Monday 28 November 2011

Darkness and Light

I find it quite strange how Apollo is usually described as a young boy, gentle and smiling at the world. But for me, he is far from innocent, far from gentle, and you couldn’t really tell if he was smiling or frowning because if you tried to look, you’d burn your eyes. He is a stern master, more like a father than a child. For me, he is always there, always watching and pushing me towards excellence.

He does not forgive, because he has no reason to. He does not care about your mistakes. You can make as many mistakes as you want and it would not matter to Apollo. What does matter to him is that you are always striving to become better, always reaching for the ideal. You stumble, therefore you must pick yourself up.

Apollo will urge you to cut out everything that you don’t need and focus on the things that you do need. He is a minimalist, and it’s not an easy job to identify and cut out the unnecessary from your life. It hurts, in fact, but it is necessary.

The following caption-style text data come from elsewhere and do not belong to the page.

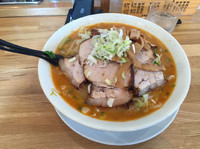 「赤味噌野菜チャーシュー大盛」@おり久の写真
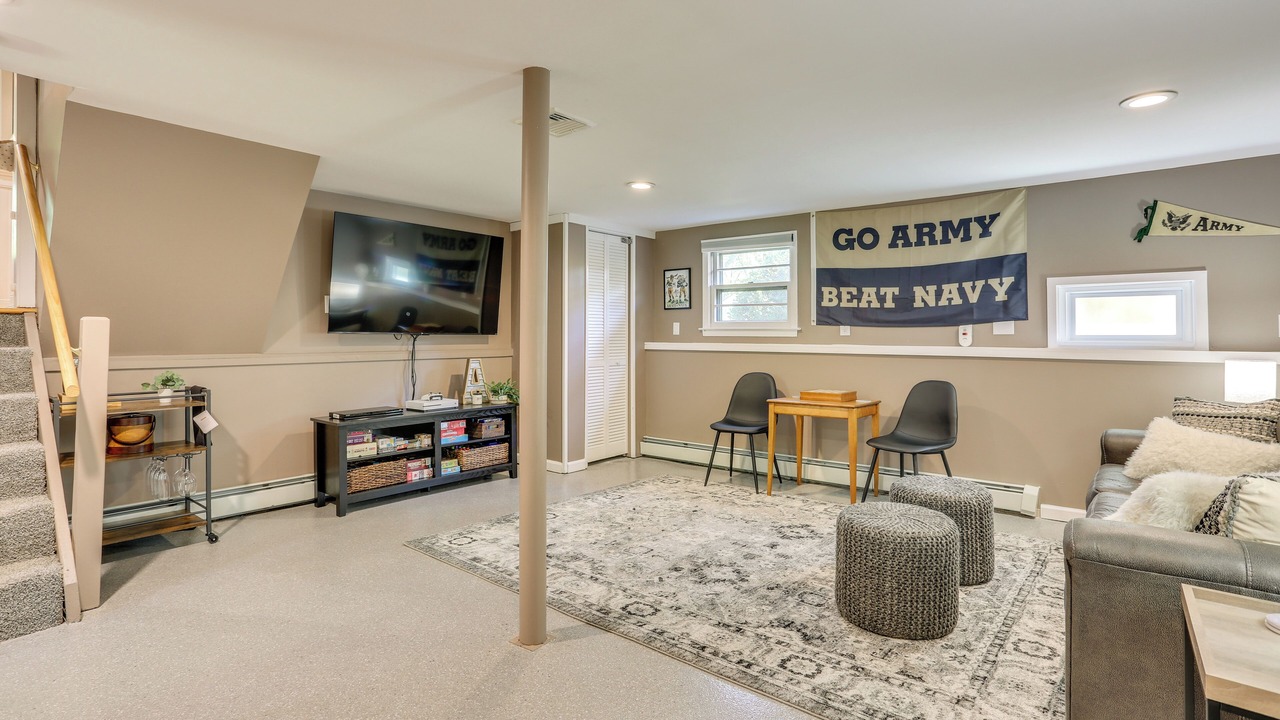 Photo of Livingroom in Highland Falls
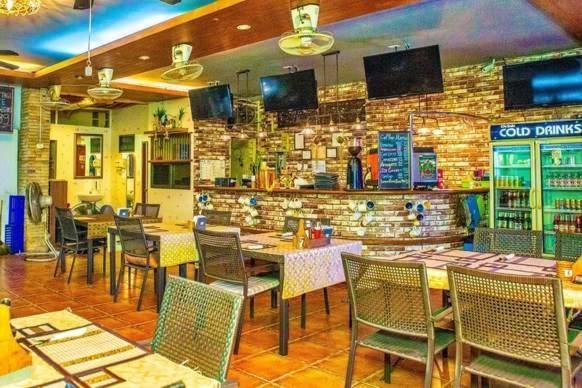 Jolly Guesthouse & Restaurant Pattaya Exterior foto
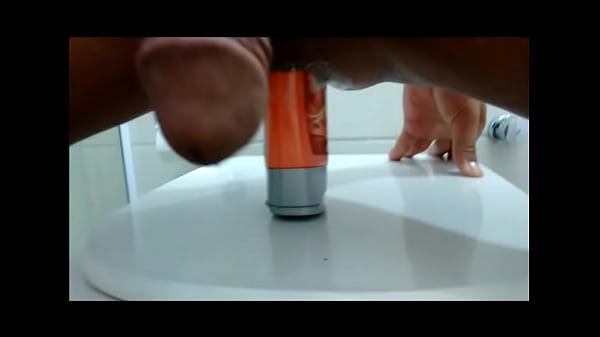 Play MP4 - Unhas pintadas e enfiando shampoo no c&uacute; &lpar;20171122a&rpar; cdspbisexual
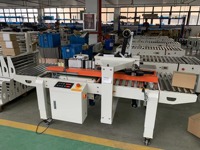 Machine d'étiquetage latéral automatique électrique DFXC4030CI pour la fermeture de cartons avec ruban adhésif pour les boissons, les vêtements, les produits chimiques et les textiles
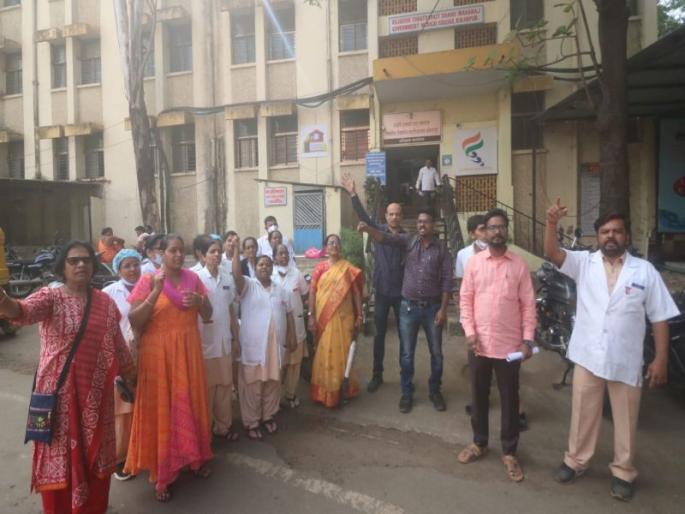 Chain hunger strike of CPR nurses continues due to lack of concrete decision | ठोस निर्णय न घेतल्याने सीपीआरच्या पारिचारिकांचे साखळी उपोषण कायम Chain hunger strike of CPR nurses continues due to lack of concrete decision | ठोस निर्णय न घेतल्याने सीपीआरच्या पारिचारिकांचे साखळी उपोषण कायम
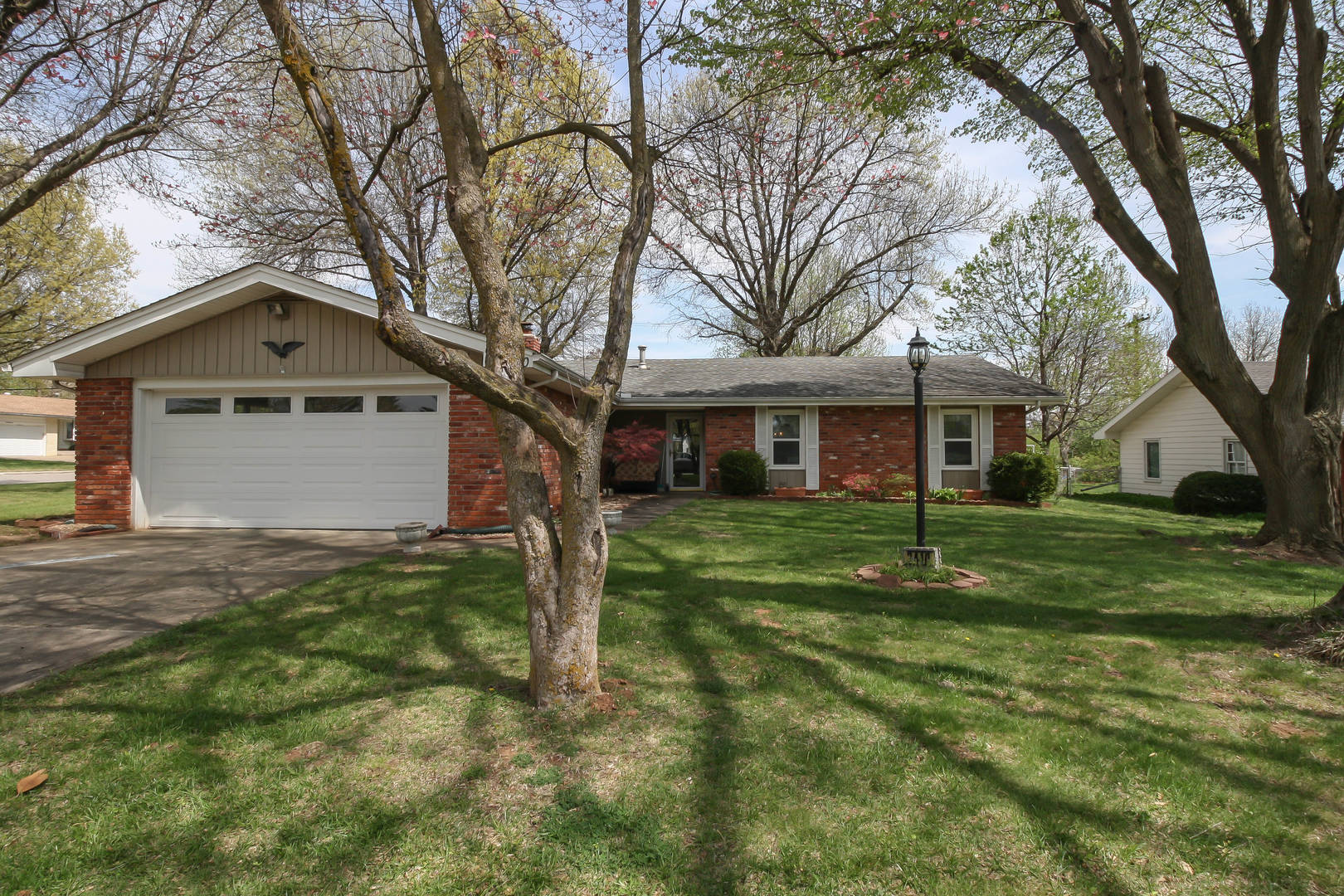 Brivity 2440 S Weaver Avenue Springfield, MO 65807 Virtual Tour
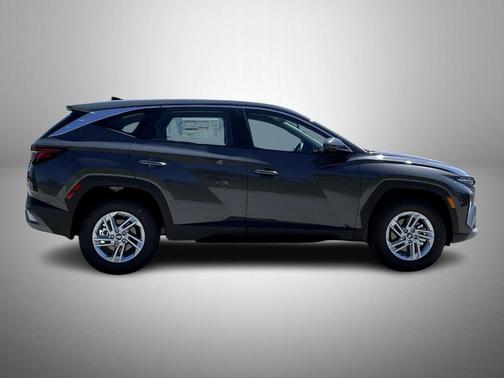 Gray 2026 Hyundai TUCSON SE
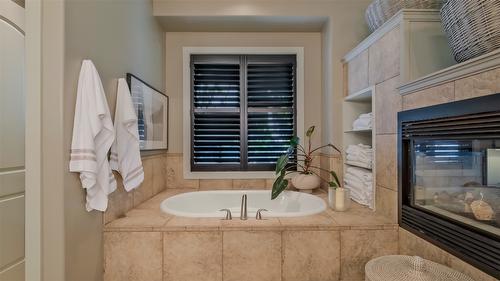 1749 Capistrano Drive, Kelowna, BC - Indoor Photo Showing Bathroom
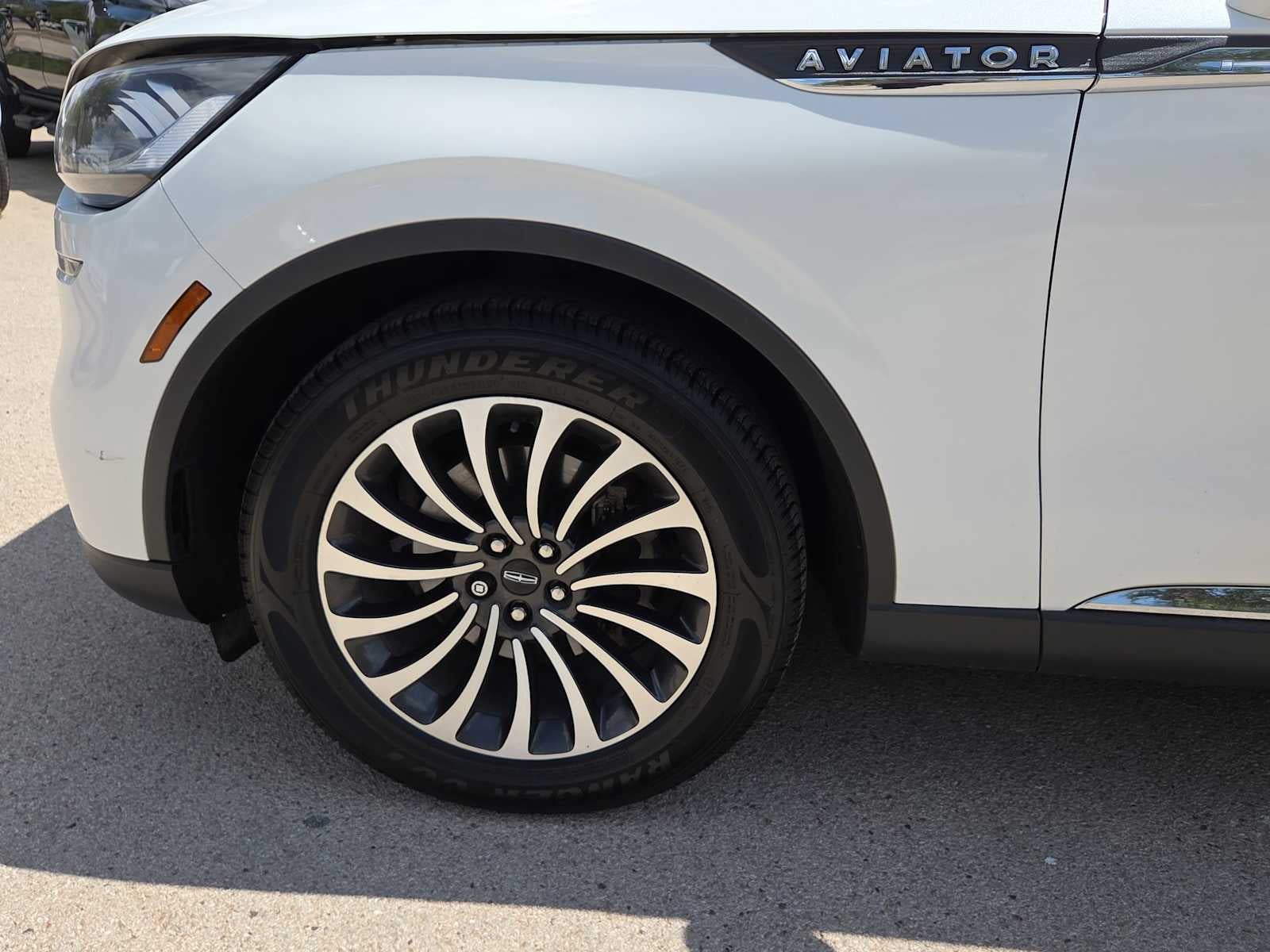 2023 Lincoln Aviator Standard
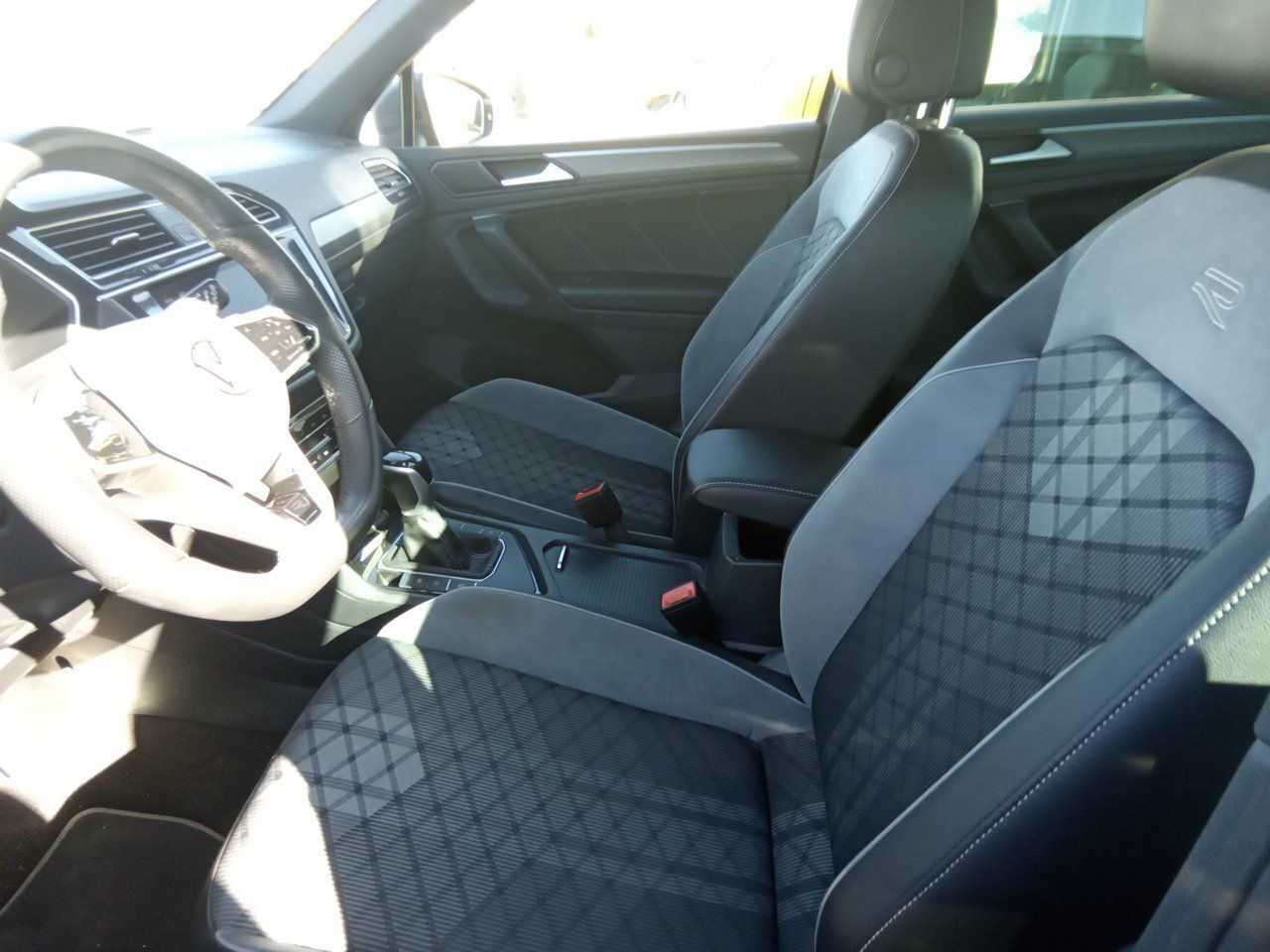 Volkswagen Tiguan R-line 2.0 Tdi 110kw (150cv) Dsg - Foto 2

There is no coddling with Apollo. When you are sick, you heal yourself. Apollo’s only reward is the one that you earn for yourself. He gives nothing more, nothing less. In other words, excellence is its own reward.

In my early readings about Dionysus, I was rather confused about how he was depicted a party god. Was partying that important to the Greeks? I did not party in bars at all, and I could not relate to him. But I when I learned more about his other aspects, about trance and madness, I could look back at my life and see how strong his presence is. I did not party but I tranced out on my own. I would focus my attention on a glass of water, so that just a glass of water would be enough to make me happy for that moment. If I did not experience these various flavors of ecstasy, I would likely not be a musician right now.

Those ecstatic moments are alright, but what really convinced me of his presence is his aspect of madness. I sometimes fall into bouts of depression. There are days when I feel extreme emotion I cannot control, destructive thinking and the feeling of my soul being ripped apart. He looks at me with mad eyes and a frothing mouth. Darkness and hopelessness fill me. I once read in high school, if you stare at the abyss, it stares right back at you.

In my moments of extreme despair, he sometimes just laughs and says “Oh, come on, it’s not that bad!” I don’t understand exactly why he does these things to me, but i am sure that I gain new perspectives after each episode. Perhaps it is these intense emotions that fuel the things that I do with force and passion, and impart my pursuits with an inexplicable “umph!”.
For me, the most prominent aspects that these two show to me are the “darker” aspects. Their “good” aspects don’t magnetize me as much as their more “destructive” aspects. So when I see descriptions of Apollo as a happy, childish sun god, or Dionysus as a merrymaking party god, I can only think: Oh, if you only knew what they really do.